That number must appear >= than arraySize/2 times.
example: [] = 4 4 3 5 5 5 5 5 5 6
arraysize: 10
number 5 exists 6x -> so this is the result of algorithm
but I need to do this without additionam memory, and in time O(n) -> in one pass.
Is this even possible? Any suggestions how to start it?
It is indeed possible; the task is known as "Dominant Element," and used for interviews and as a homework. Read the article below for a proper analysis; the solution itself is simple but not easy: proving that it indeed does what it promises is not quite trivial (unless of course you know the answer).

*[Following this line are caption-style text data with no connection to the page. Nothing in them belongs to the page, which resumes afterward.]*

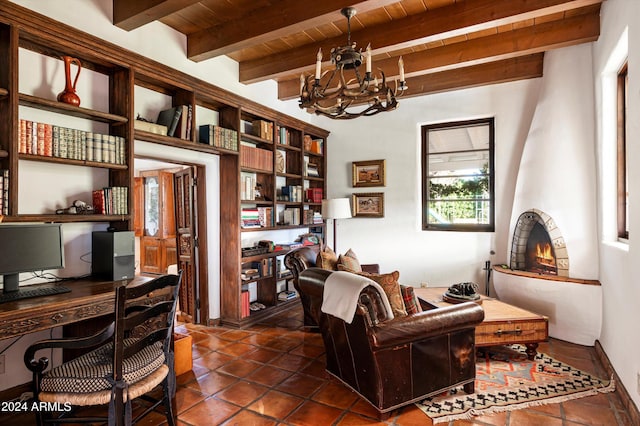 office area with dark tile patterned floors, a notable chandelier, beamed ceiling, and wooden ceiling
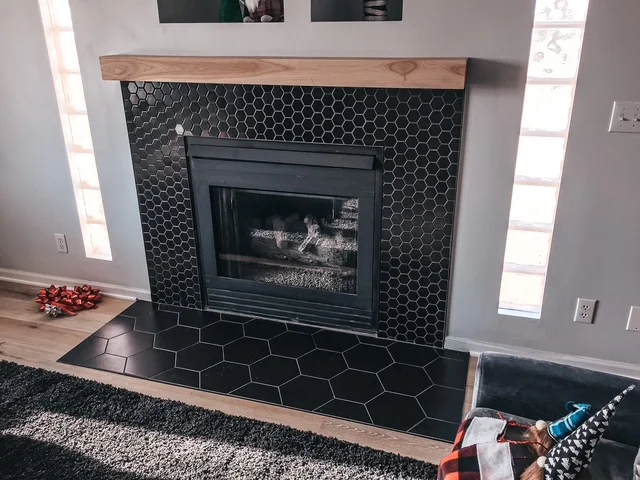 Black hexagonal tile fireplace surround with wood mantel and gas insert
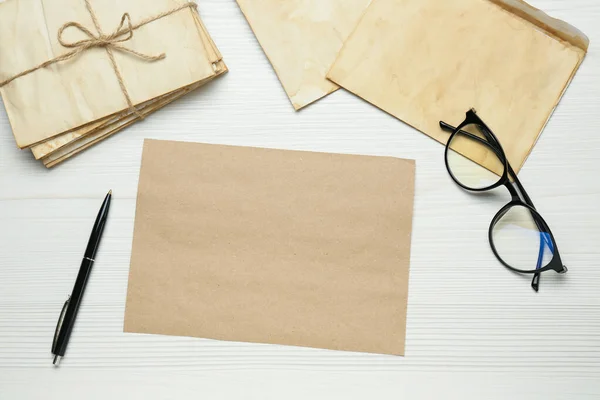 Old Letters Blank Card Pen Glasses White Wooden Table Flat — Stock fotografie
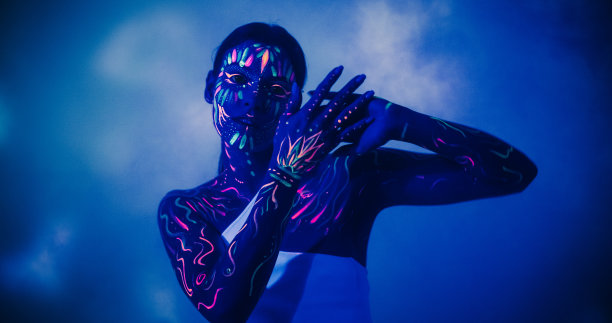 一个年轻的女舞者的抽象现代舞表演肖像在黑暗的风景舞台与彩色背景艺术。创新和电影的照片与一个有创意的嬉皮女孩与身体艺术图片下载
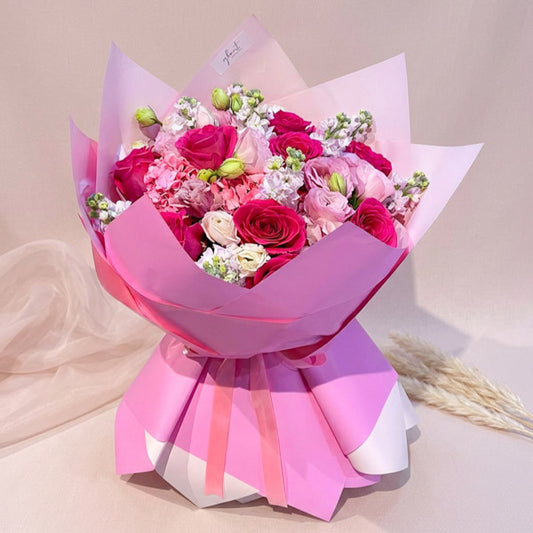 Pink China roses bouquet with lisianthus and matthiola in Korean-style wrapping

http://www.cse.iitk.ac.in/users/sbaswana/Courses/ESO211/problem.pdf
element x;
int count ← 0;
For(i = 0 to n − 1)
{
if(count == 0) { x ← A[i]; count ++; }
else if (A[i] == x) count ++;
else count −−
}
Check if x is dominant element by scanning array A.
Note though that the time is O(n), but as far as I'm aware, it is not possible to do it in one pass unless you know for sure there is a dominant element.
As of additional memory, you will need memory for i, the counter; x, the element to check and return; and count, the size of the imaginary working set. That's O(1) and is usually considered OK for such problems.
Moore describes the solution to this problem on his web site (with an example here).
Edit: Here is some Java code demonstrating the algorithm as described:
public class Majority
{
public static void main(String[] args)
{
int[]a = new int[]{4, 4, 3, 5, 5, 5, 5, 5, 5, 6};
int count = 0;
int candidateIndex = 0;
for (int i = 0; i < a.length; i++)
{
if (count == 0)
{
candidateIndex = i;
count++;
}
else
{
if (a[i] == a[candidateIndex])
count++;
else
count--;
}
}
System.out.println("Majority element: " + a[candidateIndex]);
}
}
After you get your candidateIndex, you can iterate though the array again to verify that it indeed occurs more than N / 2 times.